*** Begin section ***
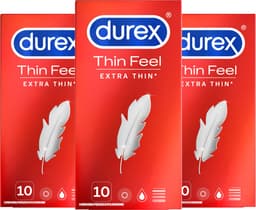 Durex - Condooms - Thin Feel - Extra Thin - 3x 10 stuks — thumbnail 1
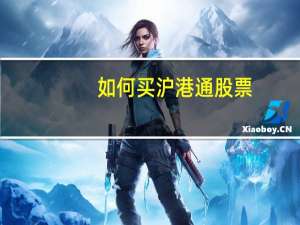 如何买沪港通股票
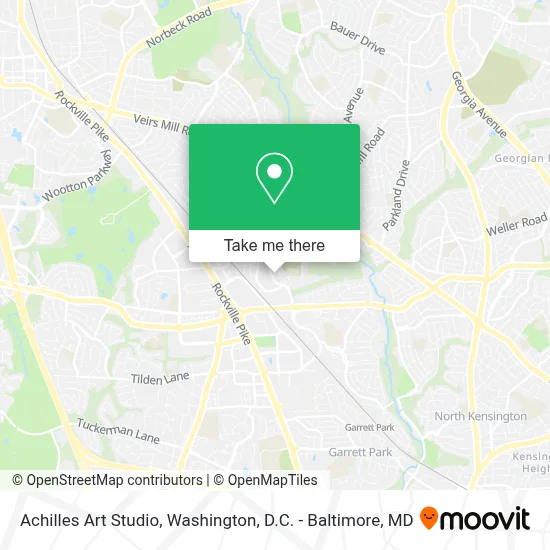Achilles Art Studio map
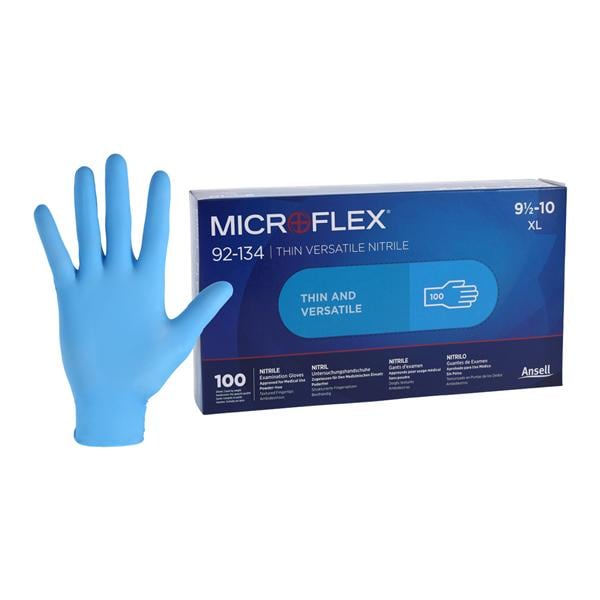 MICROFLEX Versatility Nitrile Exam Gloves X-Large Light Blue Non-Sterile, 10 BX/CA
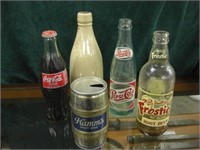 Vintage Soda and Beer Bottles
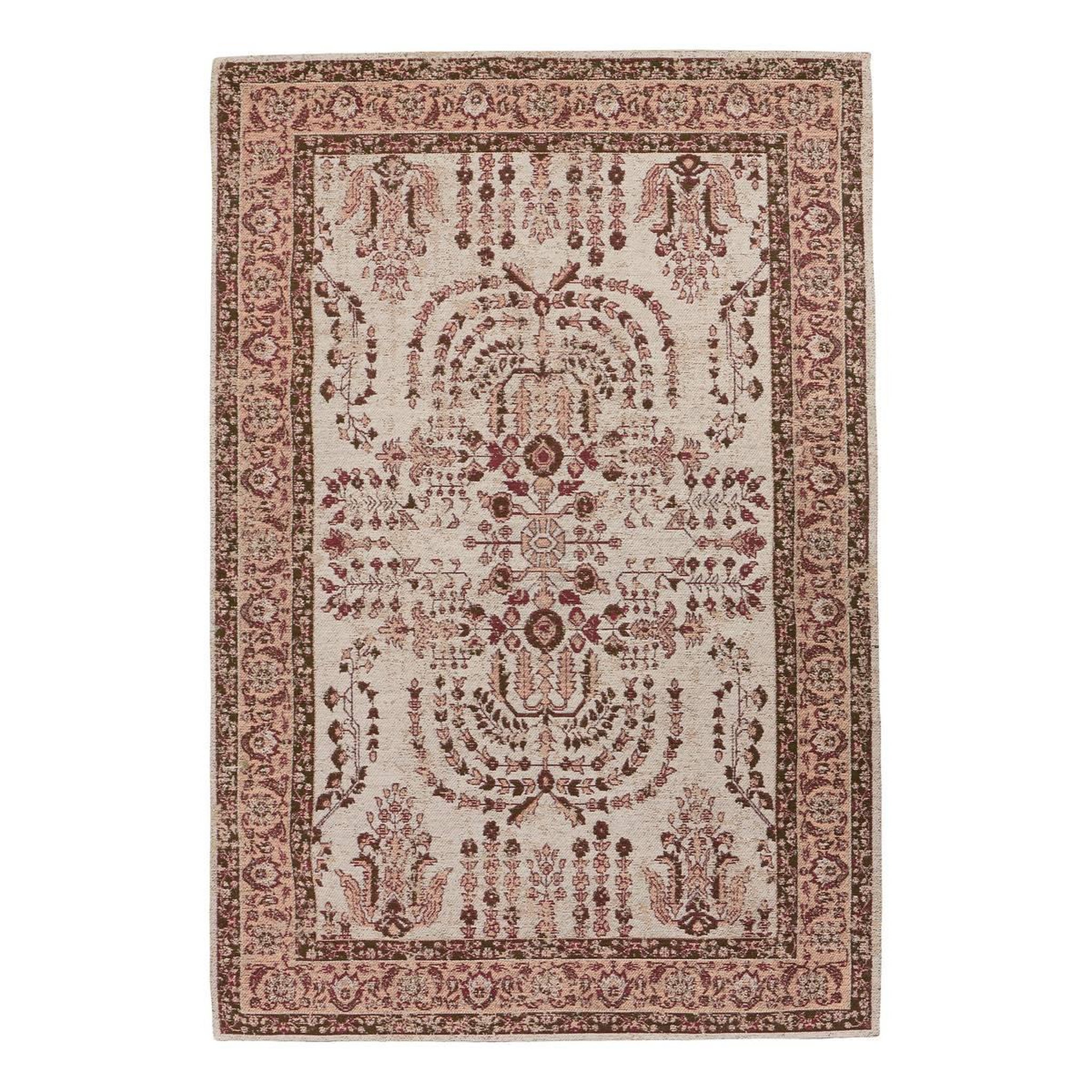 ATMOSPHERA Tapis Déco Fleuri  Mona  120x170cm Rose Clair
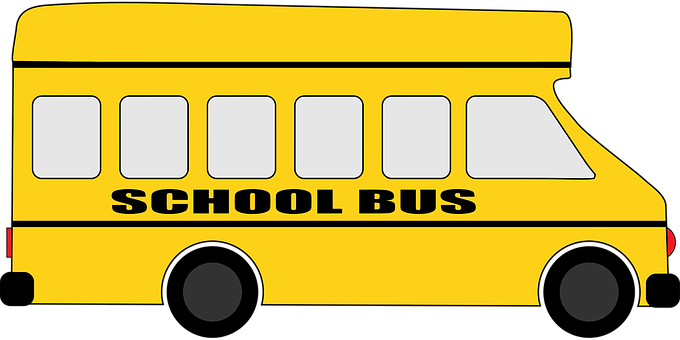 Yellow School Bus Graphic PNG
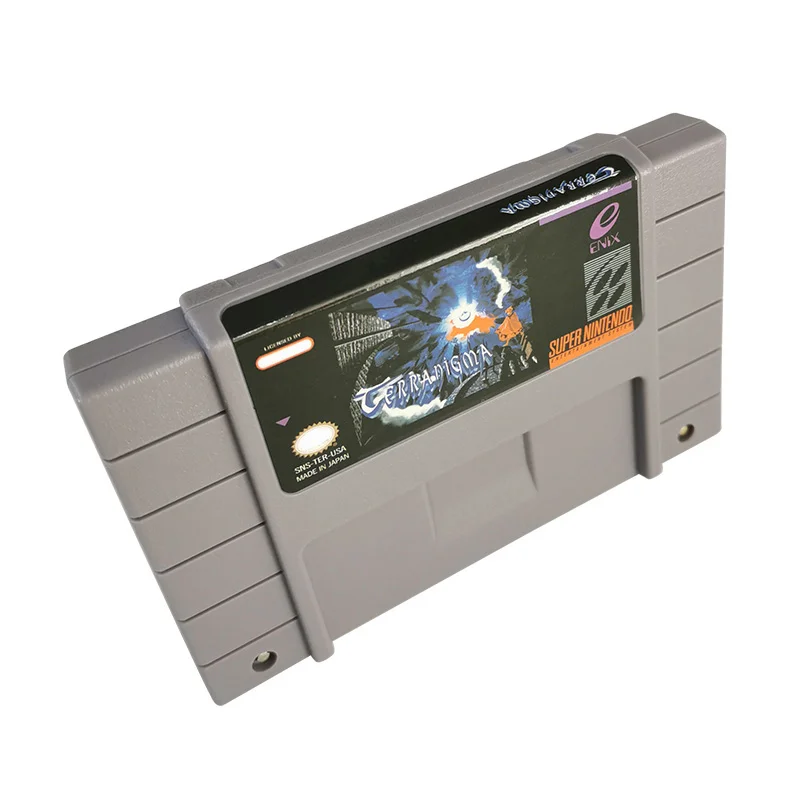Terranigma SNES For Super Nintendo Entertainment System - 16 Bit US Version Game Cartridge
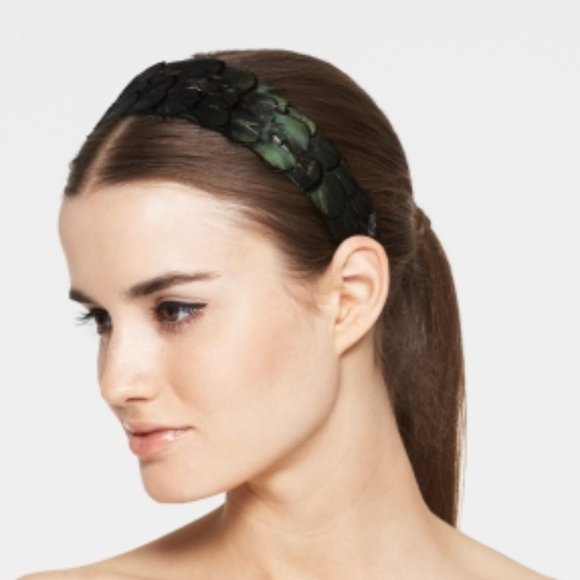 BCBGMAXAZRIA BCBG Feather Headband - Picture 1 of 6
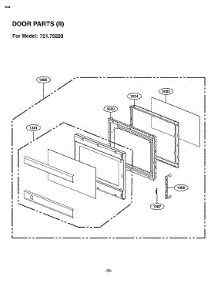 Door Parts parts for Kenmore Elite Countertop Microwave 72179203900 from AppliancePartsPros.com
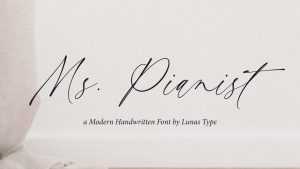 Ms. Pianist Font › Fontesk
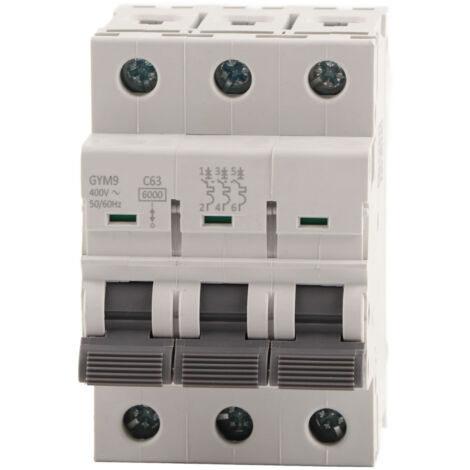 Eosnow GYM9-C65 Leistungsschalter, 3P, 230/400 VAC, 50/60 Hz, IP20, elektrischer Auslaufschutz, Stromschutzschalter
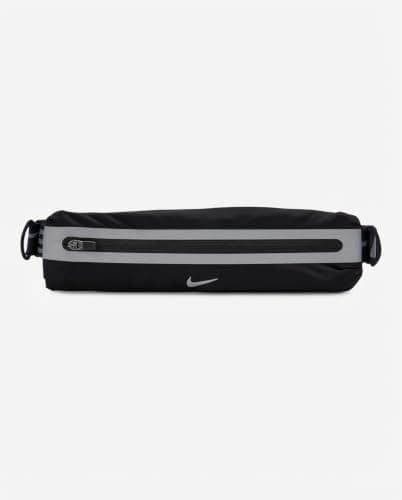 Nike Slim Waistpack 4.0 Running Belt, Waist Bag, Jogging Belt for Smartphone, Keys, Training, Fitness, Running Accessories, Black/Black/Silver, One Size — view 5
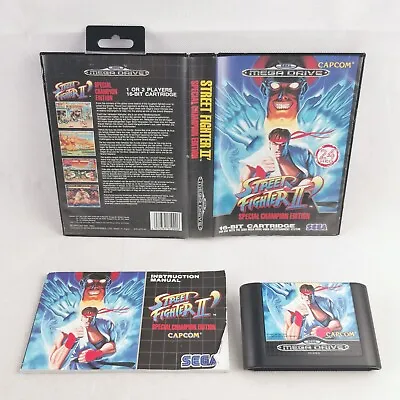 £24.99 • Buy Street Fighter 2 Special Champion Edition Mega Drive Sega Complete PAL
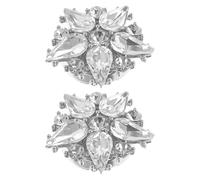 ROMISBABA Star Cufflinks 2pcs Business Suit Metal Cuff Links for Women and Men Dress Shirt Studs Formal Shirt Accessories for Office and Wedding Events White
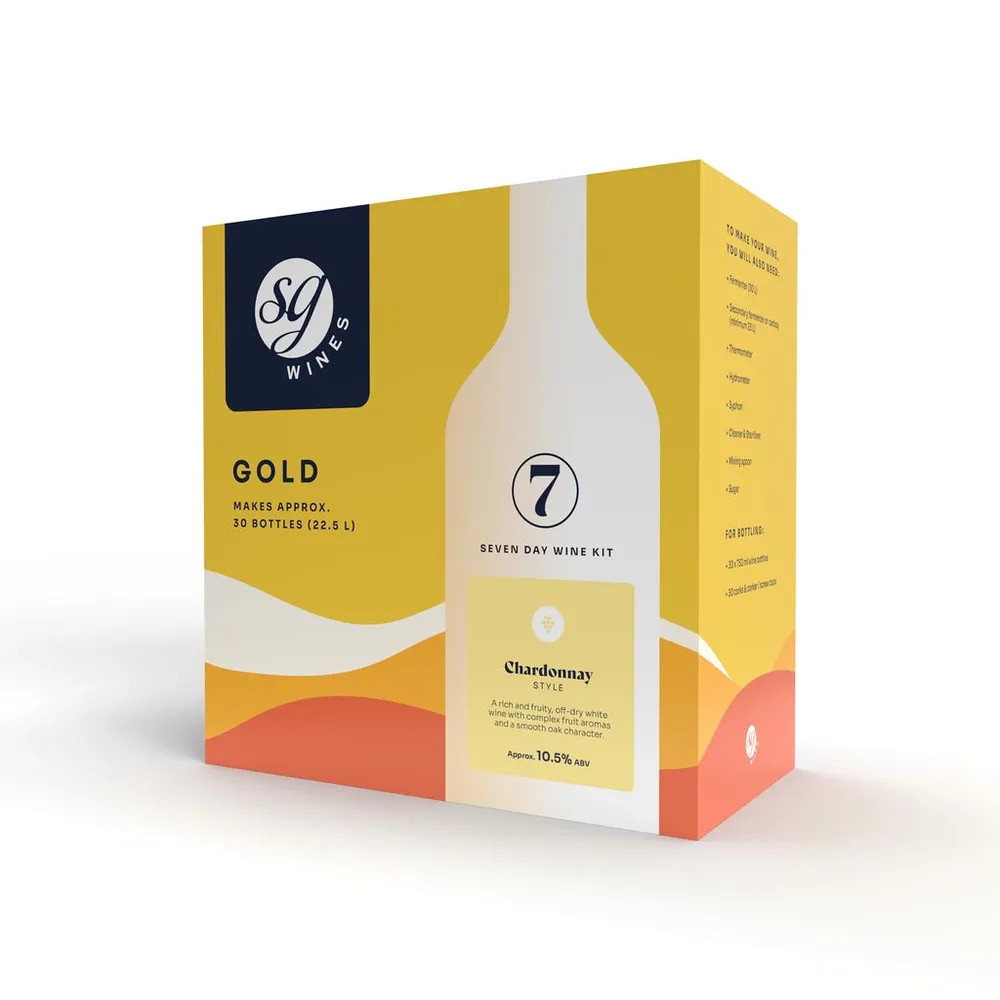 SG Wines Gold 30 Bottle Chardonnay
*** End section ***
Exercise: Once the line with "Door Parts parts" is found above, print it and every line after it through the line with "Eosnow GYM9-C65 Leistungsschalter, 3P, 230/400", exactly. Pictures stay out.

Answer space:
 Door Parts parts for Kenmore Elite Countertop Microwave 72179203900 from AppliancePartsPros.com
 Ms. Pianist Font › Fontesk
 Eosnow GYM9-C65 Leistungsschalter, 3P, 230/400 VAC, 50/60 Hz, IP20, elektrischer Auslaufschutz, Stromschutzschalter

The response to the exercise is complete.